Remote work is quickly becoming the norm for many companies around the world, but staying in sync while at a distance can be challenging for everyone. Fortunately, there are countless tools that help enable remote work culture and make for a happier, healthier employee. Here are some of our favorites.
The pinnacle of any company culture -- the almighty Slack. The beauty of Slack is that it’s not just for remote employees, it’s for everyone. By using a platform that allows for seamless communication between your in-office employees and your remote employees, you’ll keep everyone on the same page and avoid any feelings of isolation from your remote staff.
Slack is a great place to shoutout teammates for their hard work or big accomplishments, but it can be used for highlighting personal wins, too—like birthdays, work anniversaries, you name it.
It can be hard to keep a pulse on how your remote employees are feeling when you aren’t surrounded by them on a daily basis. Tools like Officevibe allow you to craft questions on a variety of topics and send them to all your employees to answer with anonymity. Without fear of retribution, you can ensure your employees are giving you honest, genuine feedback about their current work/life balance, level of satisfaction with their manager, or overall happiness. It also provides a place to give written feedback and allows management to answer them directly -- all while maintaining anonymity.
For remote teams, having the ability and flexibility to meet in person isn’t always an option—especially when you’re 3,000 miles away. There’s a simple solution to combat this, and that’s by using video platforms that can connect people from all over the world. We like to use Zoom to do this. Through Zoom, we host meetings with our remote employees so we can all be “together,” or at least as together as we can be.
We already talked about Slack, but the messaging platform also has a ton of bots and integrations that make other aspects of remote work culture simple and easy to manage. Spacetime.am is a bot that lets each employee set their location and work hours so you know when they are and aren’t available. It localizes time zones automatically, so everyone’s calendar reflects the correct meeting time. You’ll save yourself from ever having to use a time zone converter again and avoid sending the awkward “sorry it’s past my work hours” message.
If you don’t have Slack, there are other tools that can do similar things, like Every Time Zone. This app makes it simple to visualize what time it is anywhere in the world, but isn’t necessarily unique to each employee.

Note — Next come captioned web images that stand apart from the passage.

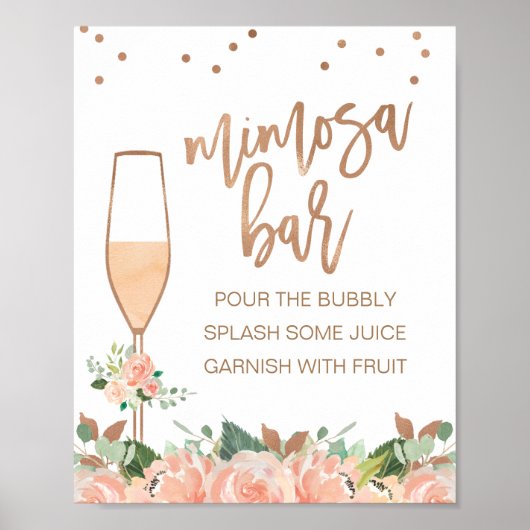 Roos Gold Floral Vrijgezellenfeest Mimosa-bord Poster (Voorkant)
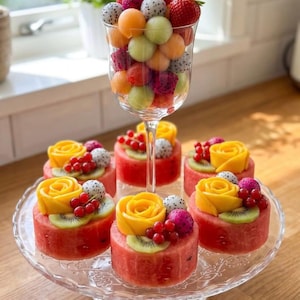 May include: A glass goblet filled with melon, dragon fruit, and strawberry spheres sits atop a glass pedestal tray. The tray holds five cylindrical watermelon bases topped with mango roses, kiwi slices, red currants, and dragon fruit pieces.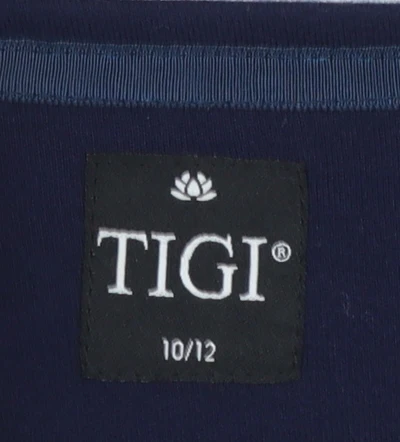 TIGI Womens Blue Striped 3/4 Sleeve Square Neck Top Size 10 - Image 4
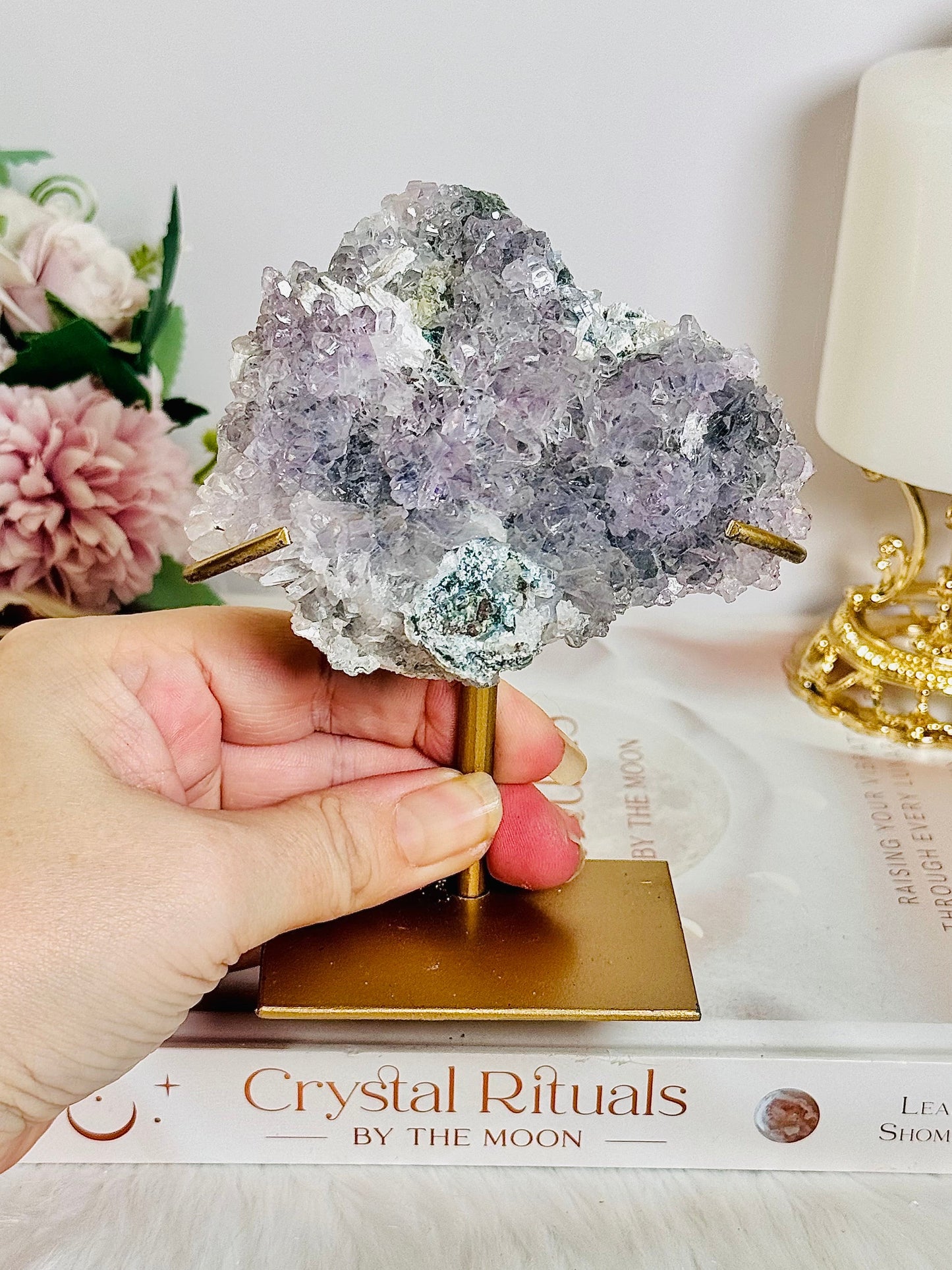 Natural Zeolite Specimen on Custom Gold Stand 13cm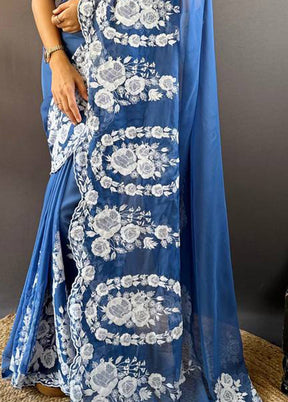 Blue Organza Saree With Blouse Piece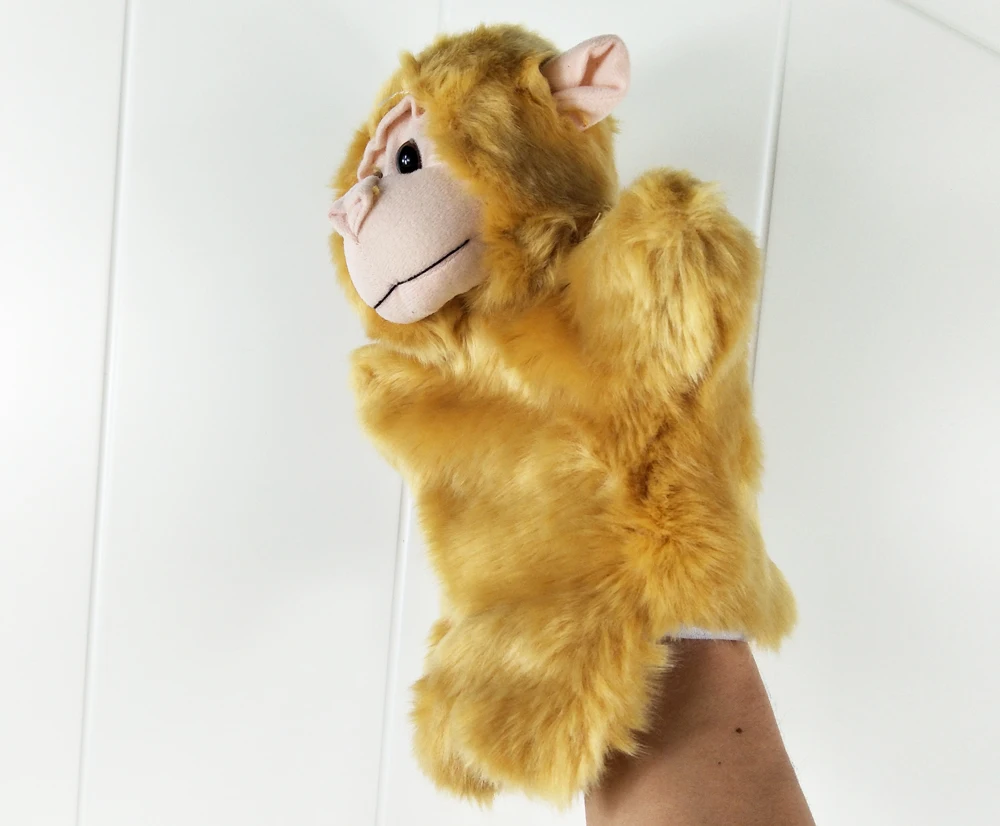 Marionnette à main pour enfants, jouet en peluche singe brun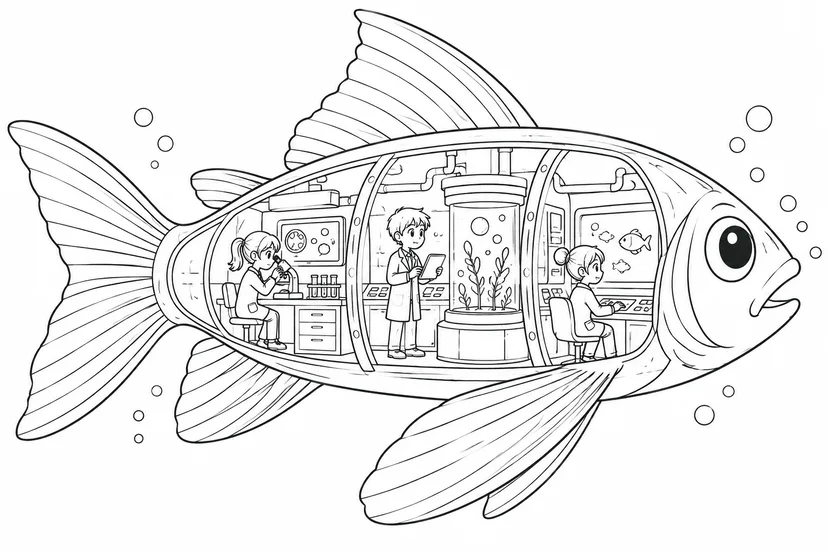 透明な魚の中の研究室の塗り絵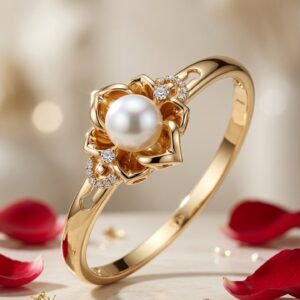 The Celestial Lotus Pearl And Blossom Kada Bracelet-Gold Finish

Working remotely or in different time zones can take a toll on personal lives and it can be a real drag to get urgent messages while you’re on PTO or sleeping. While tools like Spacetime.am can let your team know what other employees’ working hours are, having a shared calendar where everyone can document their PTO, out of office, or sick days will help curb those messages from coming through while you’re enjoying your time away from work.
While online tools provide easy ways to keep in touch 24/7, there’s something to be said for in-person meetups. At many companies, like Trainual, there are team members we’ve never met in person before. Sure, we chat via Slack and email, but coordinating quarterly or even a yearly event where everyone comes together under one roof to strategize about the business and just get to know each other is invaluable when it comes to company culture.
Consistency in culture
Staying in sync online, hosting meetings over video, and meeting up every now and again is certainly valuable to maintaining a healthy and positive remote work culture, but there are other ways you can help make your remote employees feel like part of the team and like they aren’t being short-changed on your company’s offerings.
As a good rule of thumb, offer remote employees the same benefits as in-office employees. Do you host monthly catered lunches? Let your remote employees expense a meal. Supply your in-office employees with all the equipment they need to be successful? Build out a remote employee kit with monitors, a mouse, keyboard, laptop, anything they’d get if they were in office. Help make the transition from in-office to remote as seamless as possible and set your employees up for success, regardless of their geographic location.